In a conventional neuron in a recurrent neural network, both the previous cell activity and the current input are combined and passed through a hyperbolic tangent activation function. In a unit in a LSTM network, the internal processing is more complicated. Such a unit possess two states, one state is called Cell State and the other Hidden State. These two states are passed through the recurrent connections instead of a neuron’s activity. Furthermore, the unit employs several gates to determine how large the contribution is of the previous cell states and current input to the new cell states and current output. A forget gate determines based on the previous Hidden State and current input how much of the previous Cell State should be kept. An input gate determines based on the previous Hidden State and current input how much of the current input should be added to the Cell State. An output gate determines based on the previous Hidden State and current input how much Cell State should be passed as output and as new Hidden State. By endowing LSTM units with these states and gating mechanisms, the vanishing and exploding gradient problem has been partially amended.

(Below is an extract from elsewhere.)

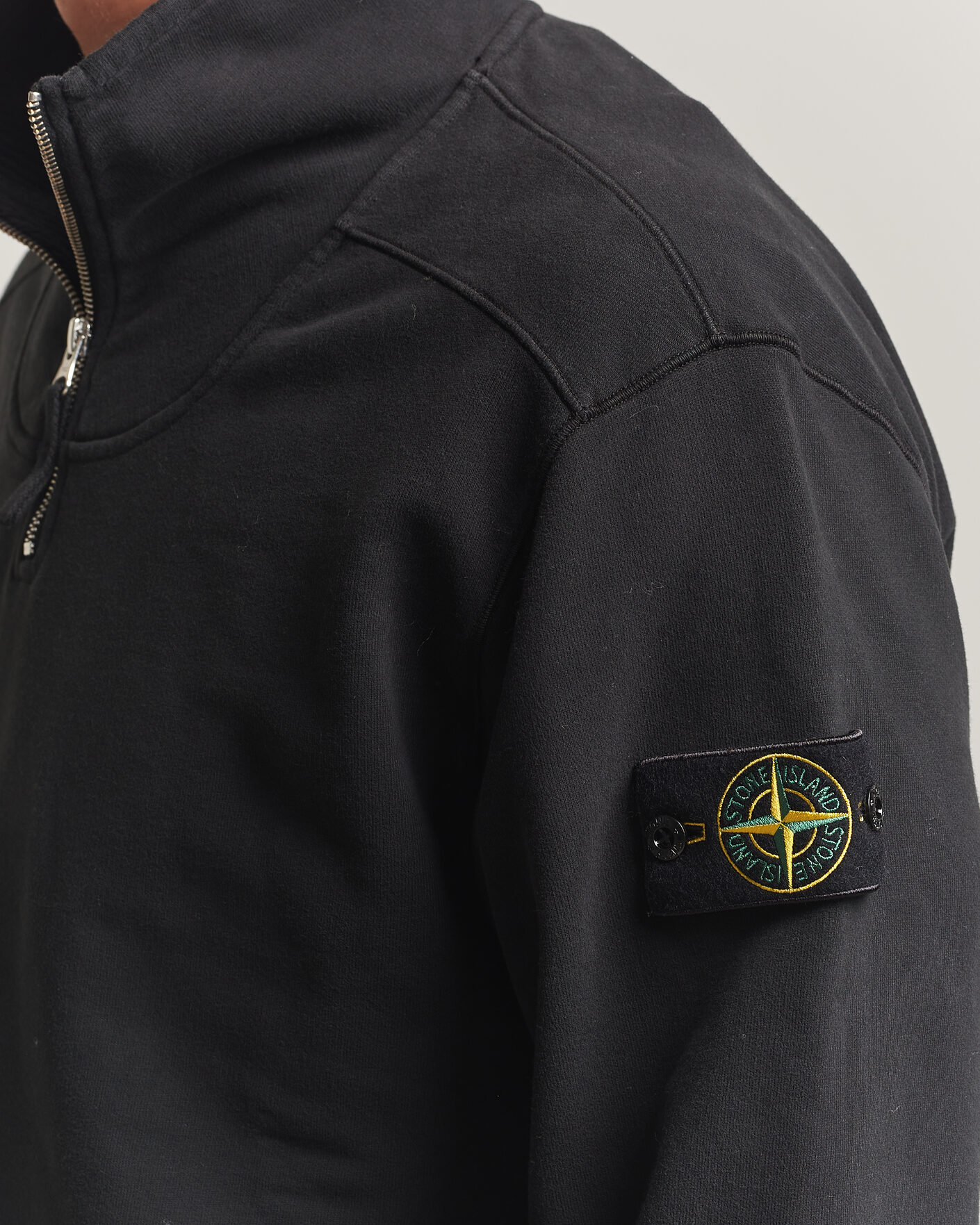 Men | Sweaters & Knitwear | Stone Island | Brushed Cotton Fleece Half Zip Black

Convolutional Neural Networks
Convolutional neural networks have been originally invented in the context of computer vision. These networks are particularly suitable for image processing applications. Convolutional neural networks don’t consist of neurons and weighted connections. Instead, they employ convolution kernels.
Convolution
Convolution is a standard method in image (and also audio) processing. In image processing, kernels are used for example for blurring an image or for increasing it’s contrast. When applying convolution to an image, a kernel (a small square matrix) is moved across the image (a large matrix) and at each position, the dot product is calculated between the values of the kernel and the values of the region in the image that is covered by the kernel.

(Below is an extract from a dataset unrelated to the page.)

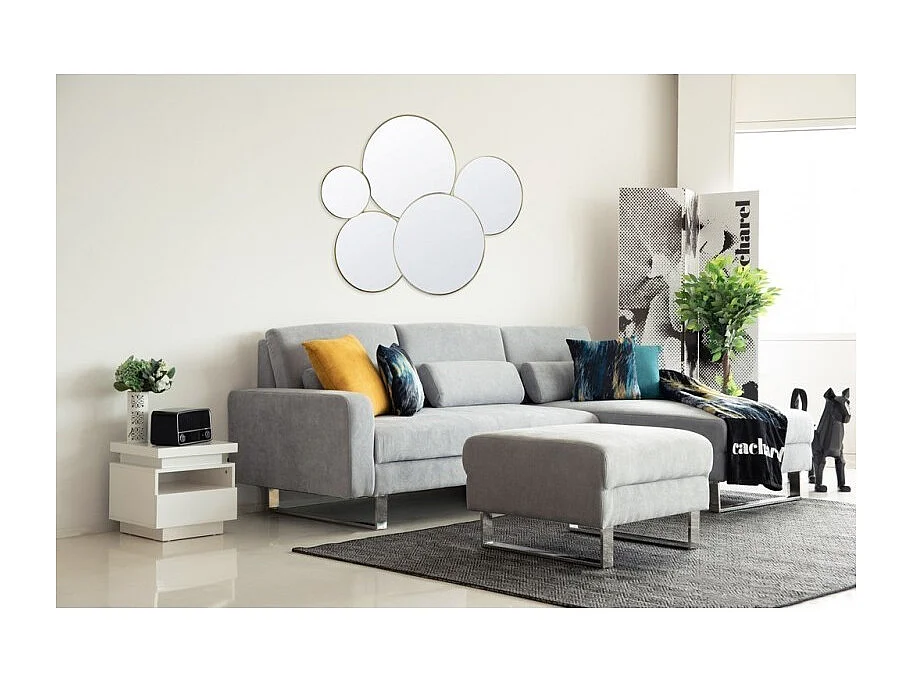 Pouf carré AXELL gris  tissu peau de pêche 75 x 75 x 45 cm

In a convolutional neural network, convolution is employed to extract features from data that is organised in matrices. For each kernel and each matrix, a convolution operation results in the creation of a new matrix. The values in the new matrix represent how much of a feature encoded by a kernel was present in the processed matrix. For this reason, these new matrices are named feature maps.
Convolution Parameters
There exist several parameters that affect how a convolution operation is executed. The most important parameters are Padding and Stride.
Padding is used to extend the size of a feature map before applying convolution. Such an extension can be achieved by adding columns and rows to the edges of a feature map that either contain zeros or the values at the original edges. By padding a feature map, it can be avoided that the resolution of the new feature map decreases because a kernel doesn’t cover the edges.
Stride refers to the offset that is applied when a kernel traverses a feature map. With a Stride bigger than 1, a kernel skips rows and columns during traversal.
Pooling
Other operations that are frequently used in convolutional neural networks are so called pooling operations. The purpose of pooling is to quickly reduce the size of a feature map while preserving its most important features. Pooling operations are similar to kernels in that they are applied to regions of a feature map by sliding across the map, and in that they output a scalar value for each region of the feature map they are applied to. Pooling operations are different from kernels in that they have no trainable parameters. The following pooling operations are common: max pooling, sum pooling, mean pooling. Max pooling outputs only the highest value in a region and discards all other values. Sum pooling outputs the sum all values in a region. Mean pooling outputs the mean of all values in a region.
Layers and Feature Maps
A Convolutional neural network is organised into layers. Each layer contains a set of feature maps and kernels. From input to output, the number of feature maps typically increases and their resolution decreases. In a Convolutional neural network that is used for classification such as the one depicted below, there is a transition from convolutional layers to conventional layers of an artificial neural network. Since conventional artificial neural network don’t work on data in the form of matrices, the matrices need to be “flattened” into one-dimensional vectors.
Benefits
Convolutional neural networks possess two main benefits over conventional neural networks. First, they take into account the spatial characteristics of the data they operate on. This allows them to exploit for example the fact that regions in an image that are close together are typically more similar to each other than those that are further apart. Second, kernels represent the trainable parameters. Since kernels are shared across all the regions of a feature map, the number of trainable parameters is much lower than if each value in a feature map would be associated with a conventional neuron which possesses connections to each neuron in the next feature map.